(Entries shown Opens)
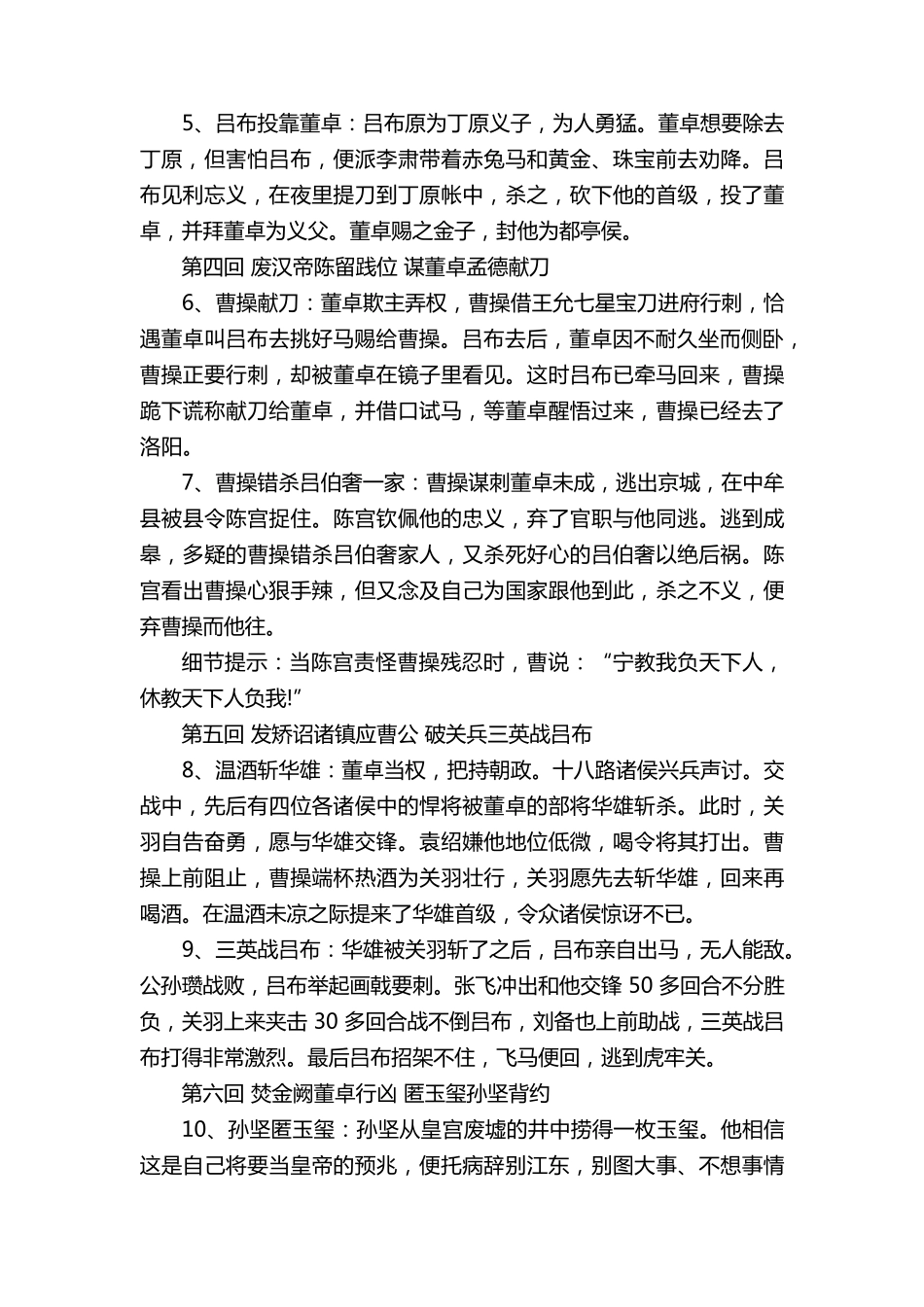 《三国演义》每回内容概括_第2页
(Entries shown Closes)
(Entries shown Opens)
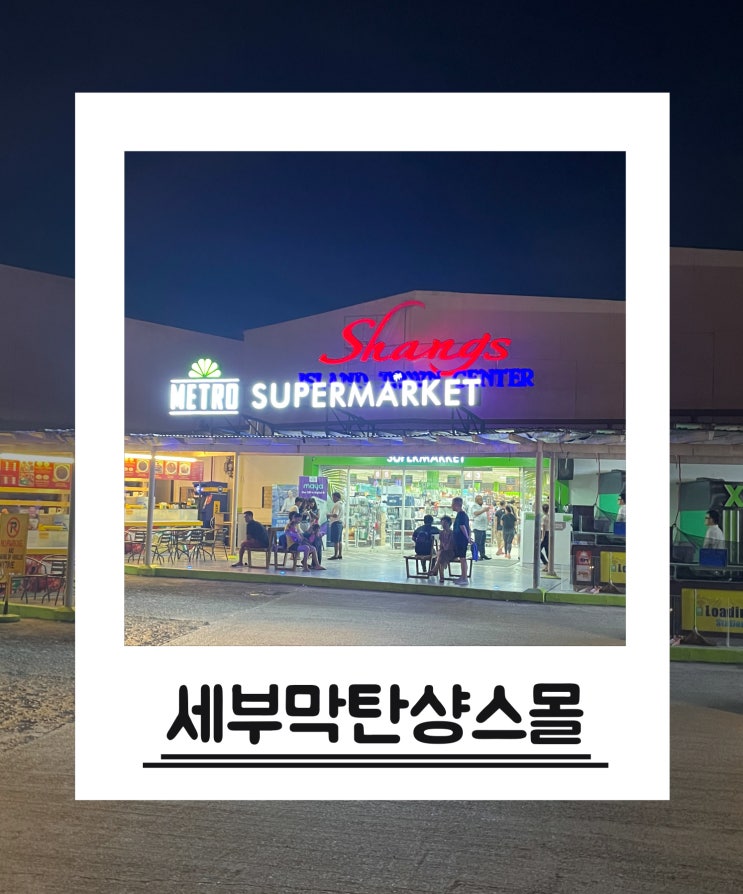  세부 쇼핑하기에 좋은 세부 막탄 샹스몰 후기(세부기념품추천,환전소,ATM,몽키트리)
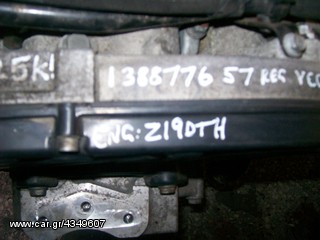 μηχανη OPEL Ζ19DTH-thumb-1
(Entries shown Closes)
(Entries shown Opens)
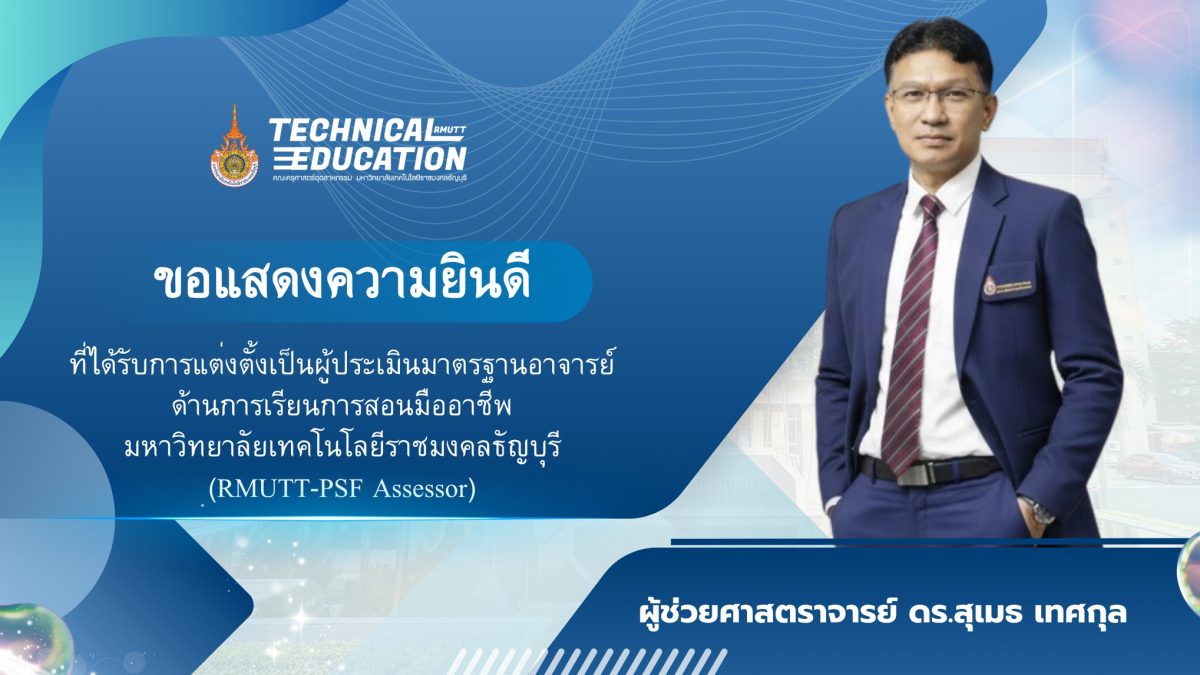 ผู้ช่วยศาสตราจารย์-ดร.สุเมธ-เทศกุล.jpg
(Entries shown Closes)
◆ **The problem**
Take only the lines above from the one that has "세부 쇼핑하기에 좋은" through the one that has "μηχανη OPEL Ζ19DTH-thumb-1" and reproduce them exactly, omitting any pictures.

◆ **Reply to the task**
  세부 쇼핑하기에 좋은 세부 막탄 샹스몰 후기(세부기념품추천,환전소,ATM,몽키트리)
 μηχανη OPEL Ζ19DTH-thumb-1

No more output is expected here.